Species of shrub endemic to Western Australia

Grevillea batrachioides, commonly known as Mount Lesueur grevillea, is a shrub which is endemic to a small area along the west coast in the Mid West region of Western Australia.

==Description==
Grevillea batrachioides is a shrub which typically grows to a height of 0.5 to 2 m and has glaucous branchlets. It has pinnate leaves that are 10 to 40 mm long, 1 to 1.2 mm wide with their edges rolled under. Irregularly shaped pink inflorescence located on a raceme at the end of the branchlets from October to December. A simple brown hairy ellipsoidal, ribbed fruit follows.

==Taxonomy and naming==
Mount Lesueur grevillea was first formally described in 1986 by D.J. Mc Gillivray from an unpublished description by Ferdinand von Mueller.
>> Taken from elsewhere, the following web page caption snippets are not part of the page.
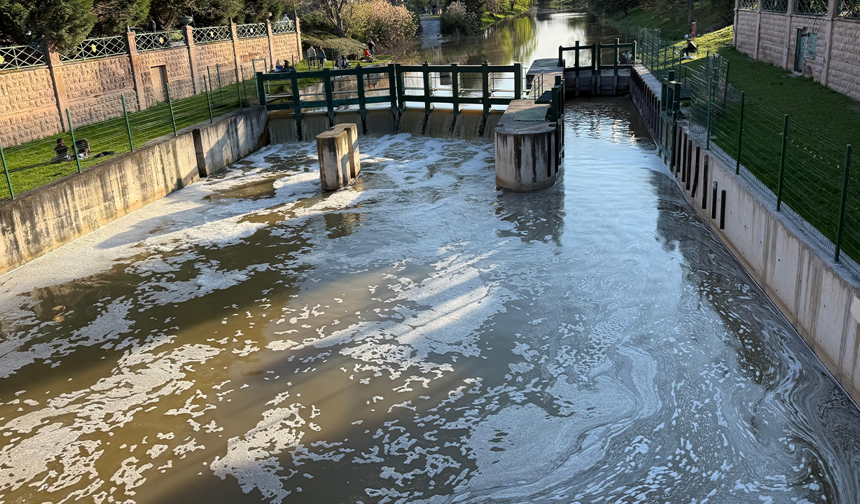 Eskişehir’in Simgesi Porsuk Çayı’nın Yüzeyi Köpükle Kaplandı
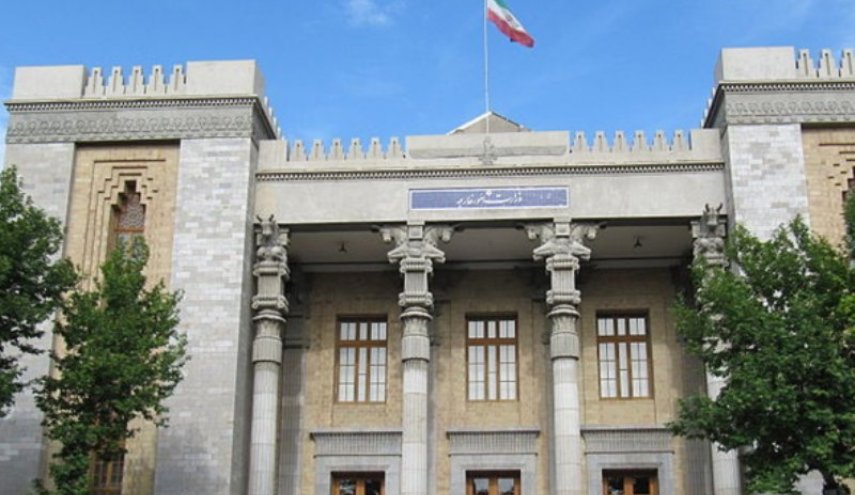 وزارت خارجه: اتباع ایرانی از سفر به آمریکا جداً بپرهیزند
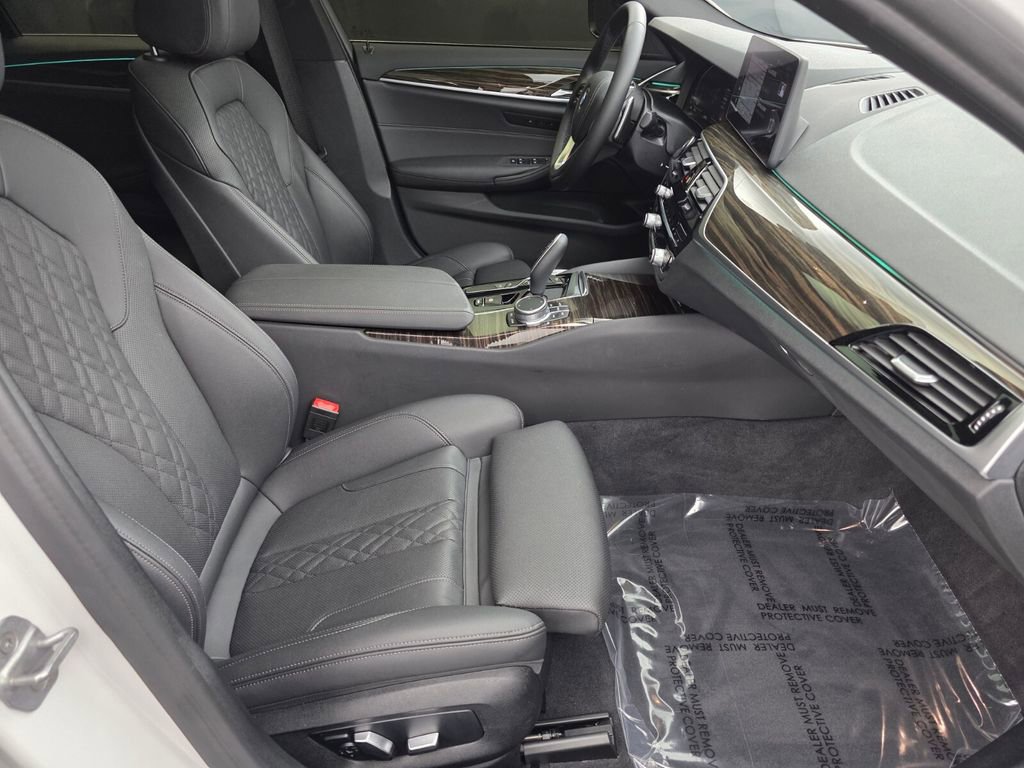 Used 2021 BMW 540i 540i w/ Convenience Package image 28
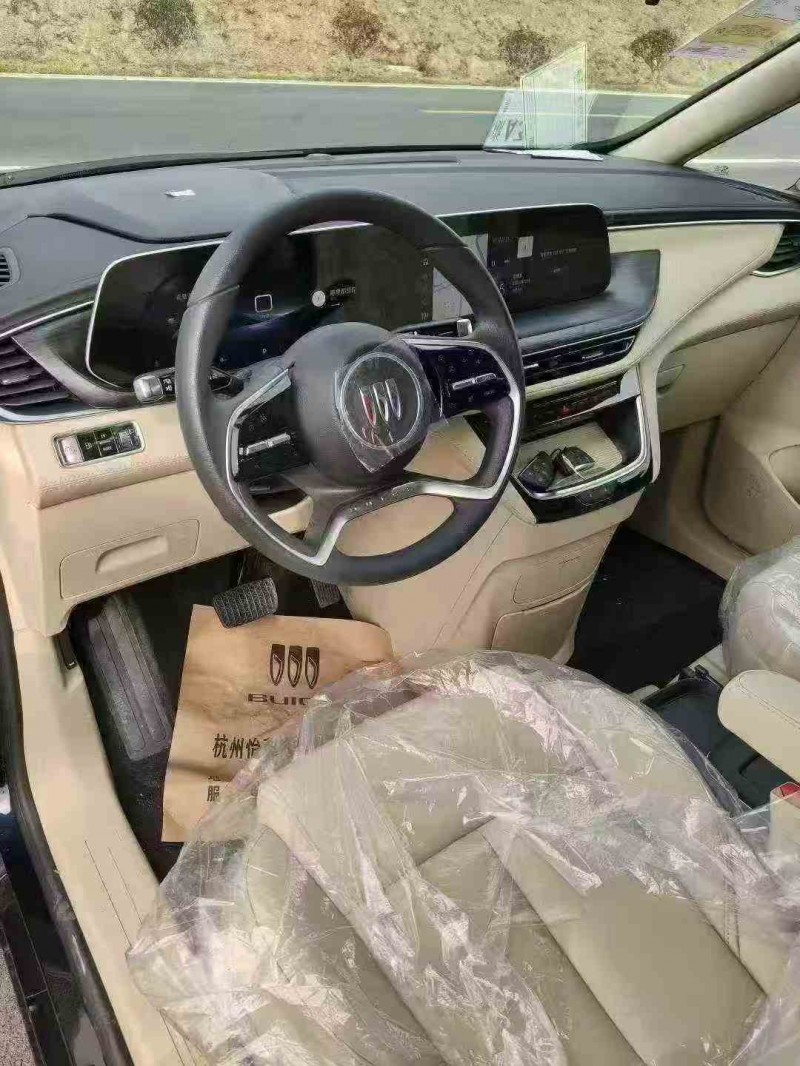 金华25年别克GL85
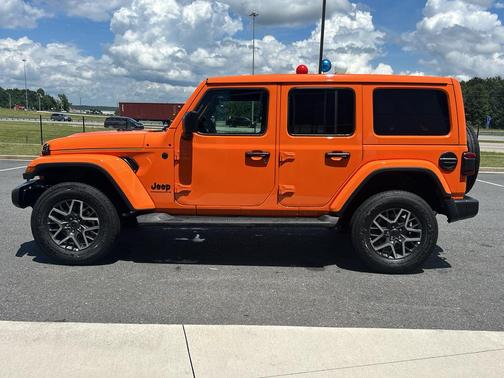 2025 Jeep Wrangler Sahara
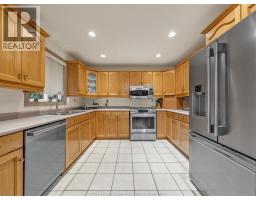 9 Lyle STREET - 8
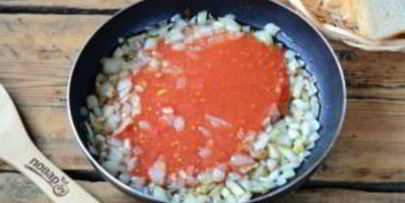 бутерброды под сырно-томатной подушкой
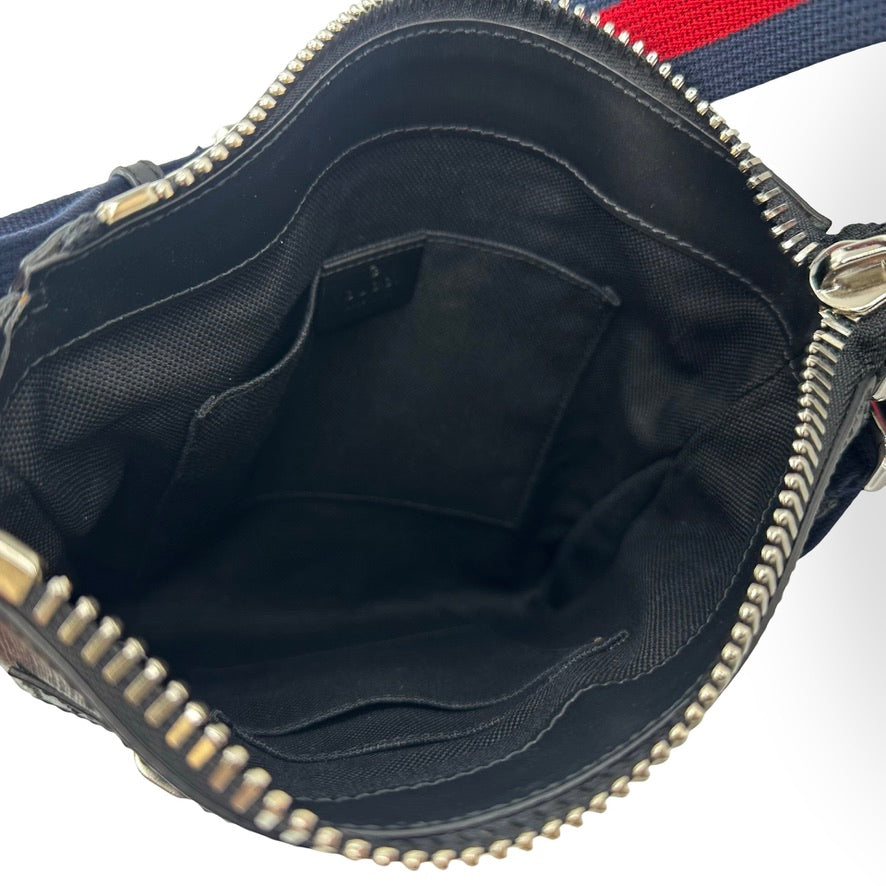 GUCCI: GG Supreme Small Messenger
The specific epithet (batrachioides) is derived from the Ancient Greek word batrachos meaning "frog" with the ending oides meaning "likeness" referring to a similarity of this plant to those in the subgenus Batrachium of Ranunculus known as "water buttercup".

==Conservation status==
G. batrachioides is listed as endangered under the Environment Protection and Biodiversity Conservation Act 1999 and critically endangered under the Biodiversity Conservation Act 2016 in Western Australia. Although it has not yet been assessed by the IUCN, it meets Red List category critically endangered under criterion D. Only one population exists numbering 45 adult plants and 13 juveniles in a survey conducted in 2002. The main threats to the species are inappropriate fire regimes, disease such as dieback from the pathogen Phytophthora cinnamomi and disturbance from recreational activities.